A man and his wife’s sister regard each other as muramu. Muramu is one who can be identified as a potential wife or husband. Uramu (the relationship around this potential for marriage) exists between a man and the females of his own wife’s lineage, and in the other instance between a man and the females of the lineage of his brother’s wife. The relationship of uramu is one of familiarity and generally gives a man the right to play with the unmarried younger sisters of his wife or the wives of his younger brothers. It could potentially be disruptive, as it is common that sexual relations do happen with minimal disapproval from elders in the family.
RULE #4: For the family of a woman’s husband, she would generally address all but his brothers and sisters, as he would.
A woman married into a family is a muroora. She is generally expected to show respect, humility, and subservience to her in-laws. While she could have a more relaxed relationship with the younger brother of her husband, she would show a greater level of respect for his older brother and regard him as she would his father. Uramu also plays out, as described above. The way she would address her husband’s brothers is the same as her children would, distinguishing between older (babamukuru) and younger (babamudiki).
RULE #5: For relationships based on clans as identified by totems (mitupo), apply rules 1 to 4.
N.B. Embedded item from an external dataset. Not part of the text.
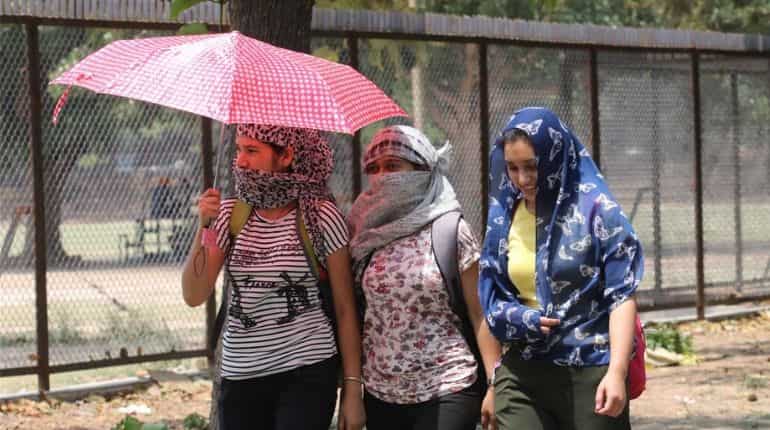 Heat wave rages on; four elderly pilgrims die of heat in train in Jhansi Heat wave rages on; four elderly pilgrims die of heat in train in Jhansi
According to the totemic system used by the Shona, clans are identified by mitupo (totem) and zvidawo (sub-clan names/ praise names). A number of these sub-clans may be linked to a single clan. Given this, the chidawo is the distinguishing feature of a clan. A child gets the mutupo and chidawo of the father and people of the same mutupo and chidawo claim a common origin; they are of the same rudzi. Among the Shona, the chidawo is often used to address and greet one another. Quite often, when people make acquaintance, they are interested in knowing the other’s clan. That way people get to identify their ‘non-relative relatives,’ among other things.
Those of the same clan as one’s mother would be identified as a mother or sekuru. If of the same patrilineage, one could be identified as a father, brother, sister or child. Clans of in-laws could also be considered and terms of reference used accordingly.
Assigning a generation to the non-relative is normally done when applying this rule, whether by use of knowledge or judgment. That way, one can know which level of the hierarchy to use for the identification of an appropriate term of address. For example, one could be assigned to the first ascending generation as opposed to own generation.
The rules above are based on standardized Shona terms, or rather, those I am familiar with. With the various dialects of Shona, differences occur in the terminology used by the different tribal groups. In addition, there could be other family mixes that do not readily fit in the classifications above. For example, when a father remarries, the woman would be regarded as a mother and relationships defined accordingly. However, the extent of the relationship with this new mother’s family would most likely be limited or just a mere formality.
Understanding family ties and addressing relatives at family gatherings can sure be daunting given the intricate kinship organisation we use. I hope with the rules given in this article, you have a structured and memorable way to make it easier.